Now we focus on the upper semi-continuity of the metric entropy map. The object we investigate is $(X,T,\mu)$, where $\mu$ is a $T$-invariant measure.
The insight that makes us interested in this kind of problem is a part of a variational problem, something about the existence of a certain object that combines a certain moduli space to make some quantity attain a critical value (maximum or minimum). The simplest example may be the Isoperimetric inequality and the Dirichlet principle of Laplace. Anyway, to establish such an existing result, a classical approach is to prove the upper semi-continuity and boundedness for the associated energy of the problem. In our case, the semi-continuity will be something about the regularity of the entropy map:
$E:M(X,T) \to h_{\mu}.$
We define the entropy at infinity:
$\sup_{(\mu_n)}\limsup_{\mu_n \to 0}h_{\mu_n}(T)$
Where $(\mu_n){n=1}^{\infty}$ varies in all sequences of measures converging to $0$ in the sense that for all $A\subset M$, $A$ measurable, then $\lim{n \to \infty} \mu_{n}(A)=0$.
Compact case
We say something about the compact case.

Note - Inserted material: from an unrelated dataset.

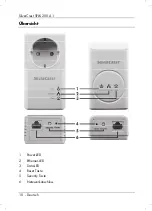 Предварительный просмотр 12 страницы Silvercrest SPLK 200 A1 User Manual And Service Information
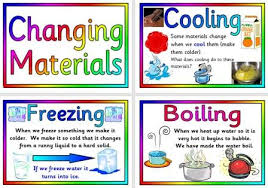 Spruce up your tot's holiday basket with these cute crafts. A Collection Of Printable Teaching Resources Science Resources For Schools Including Posters And Worksheets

In this case, we have a finite partition with smaller and smaller cubes, which could be understood as a sequence of smaller and smaller scales. An example to explain the differences is $\mathbb{N}^{\mathbb{N}},\sigma$, the shift map on a countable alphabet.
Because of this, there is a good asymptotic model, i.e. h-expansion, and its generalization, asymptotically h-expansion equipped on a compact metric space $X$, has been proved such that the corresponding entropy map is upper semi-continuous.
In particular, $C^{\infty}$ diffeomorphisms on a compact manifold are asymptotically h-expansive.
Natural problem but I do not understand very well:
Why is it natural to assume the measure to be a probability measure in the non-compact space?
Non-compact case
$(X,d)$ metric space
$T: X\longrightarrow X$ is a continuous map.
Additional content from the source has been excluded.